Sarah: Because the floor is gross and I'm not gonna make you sleep on it.
Chuck: No, I mean why are you here, risking everything that you worked so hard for?
Sarah: Because after everything that you've done for this country, you deserve to find your father, to get the Intersect out your head and to have a chance at a normal life.
Chuck: Thank you.
Sarah: You don't have to thank me, it's my job to protect you.
Chuck: What about when it's not your job? What happens to us then?
Sarah: One mission at a time, Chuck.

Devon: Chuck, Chuck, this is crazy, we've gotta call the police!
Chuck: Devon, we can't do that. Here, drink this.
Devon: He tried to kill me! Why can't we call the cops?
Chuck: Because I am the cops.
Sarah: Chuck!
Casey: Moron.
Chuck: Devon, I am a high level CIA asset and these are my handlers. For the past two years they've had to watch and protect my every move.
Sarah: Chuck, no!
Chuck: (Looks at Sarah) He can handle it. (Looks back at Devon) You can handle this, right? Tell me you can handle this.
Devon: You're being serious? (To Sarah) He's being serious?!?
Chuck: Devon, I need you to help me, I need you to be cool about this. I need you to cover for me with Ellie. I need you...to be awesome. Can you be awesome?
Devon: (In shock) You're a spy, Chuck?
Chuck: Yeah; more or less, yeah.
Devon: Whoa. Wow! This is... awesome! Hehe, yeah! I knew you weren't a loser who worked at the Buy More!
Chuck: Loser is a little...that's a little harsh. Ok, here-- here's the thing: the Buy More, actually, uh, is real.

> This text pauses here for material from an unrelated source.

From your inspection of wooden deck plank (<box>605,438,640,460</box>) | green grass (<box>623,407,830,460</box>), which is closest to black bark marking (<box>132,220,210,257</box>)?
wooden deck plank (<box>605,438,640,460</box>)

Chuck: Look, for whatever it's worth, if I have to spend the rest of my days in a dark windowless room, I can't think of a better person to spend it with.
Sarah: It's not really how this works.
Chuck: What, we can't request a cozy little two-bed, two-bath cell?
Sarah: Two-bed?

Roark: Oh, great, gang's all here. Only fair that a son should see the results of his father's labor. Of course, if this doesn't work, I'm afraid I have to go back to that bit where I kill everybody.
Chuck: What if it does work?
Roark: If it does work? Same result, but, you know, you should root for it, I mean, nobody likes a cynic.

Devon: Hey guys, something weird is going on. Have you seen Chuck? He didn't come home last night, Casey came by, said he was worried about him.
Lester: Casey, yeah, yeah, I'm sure, can't live without his precious Chuck.
Devon: What's that supposed to mean?
Lester: The guy is obsessed with him, a classic perv. (to Jeff) No offense.

Chuck Season 2 Quotes

Alex [dressed as stripper]: I understand one of you has been a naughty, naughty boy.
Lester: Me, oh my God, pick me, I'm so bad, I've been bad, I've been bad, I'm a bad person, I'm a terrible person.
Jeff: I broke eight and a half commandments on the way to work this morning

General Beckman: I wanted to have a private word with you... pardon the intrusion
Chuck: On this moment or my life in general?